When Reviews Disagree: Fine-Grained Contradiction Analysis in Scientific Peer Reviews

2026-05-11Computation and Language

Computation and LanguageArtificial Intelligence
AI summary

The authors discuss how scientific peer reviews often have disagreements that are hard to sort out, especially when there are many reviews. They created a new way to look at these disagreements by examining whole reviews, identifying specific pieces of contradictory evidence, and measuring how strong the disagreements are. They also made a dataset called RevCI to train and test their approach. Their main system, IMPACT, uses multiple steps to find and judge contradictions, and a smaller model called TIDE does this faster with good accuracy. Their methods work better than previous ones at spotting and rating reviewer contradictions.
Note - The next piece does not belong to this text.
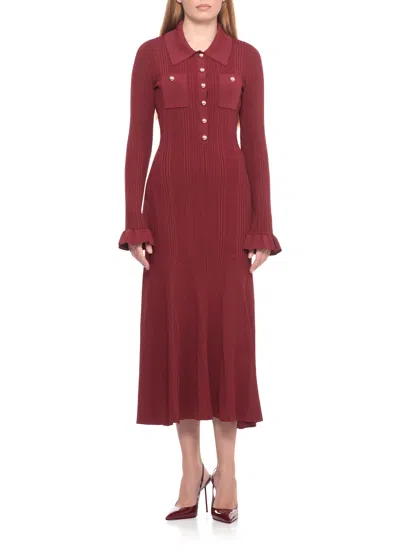Self-portrait Knee Length Dress With Flared Cuffs And Pockets In Red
peer reviewreviewer contradictionevidence extractiondisagreement intensitybenchmark datasetmulti-agent frameworklanguage modelmodel distillationscientific publishingconflict detection
Authors
Sandeep Kumar, Yash Kamdar, Abid Hossain, Bharti Kumari, Tanik Saikh, Asif Ekbal
Abstract
Scientific peer reviews frequently contain conflicting expert judgments, and the increasing scale of conference submissions makes it challenging for Area Chairs and editors to reliably identify and interpret such disagreements. Existing approaches typically frame reviewer disagreement as binary contradiction detection over isolated sentence pairs, abstracting away the review-level context and obscuring differences in the severity of evaluative conflict. In this work, we introduce a fine-grained formulation of reviewer contradiction analysis that operates over full peer reviews by explicitly identifying contradiction evidence spans and assigning graded disagreement intensity scores. To support this task, we present RevCI, an expert-annotated benchmark of peer-review pairs with evidence-level contradiction annotations with graded intensity labels. We further propose IMPACT, a structured multi-agent framework that integrates aspect-conditioned evidence extraction, deliberative reasoning, and adjudication to model reviewer contradictions and their intensity. To support efficient deployment, we distill IMPACT into TIDE, a small language model that predicts contradiction evidence and intensity in a single forward pass. Experimental results show that IMPACT substantially outperforms strong single-agent and generic multi-agent baselines in both evidence identification and intensity agreement, while TIDE achieves competitive performance at significantly lower inference cost.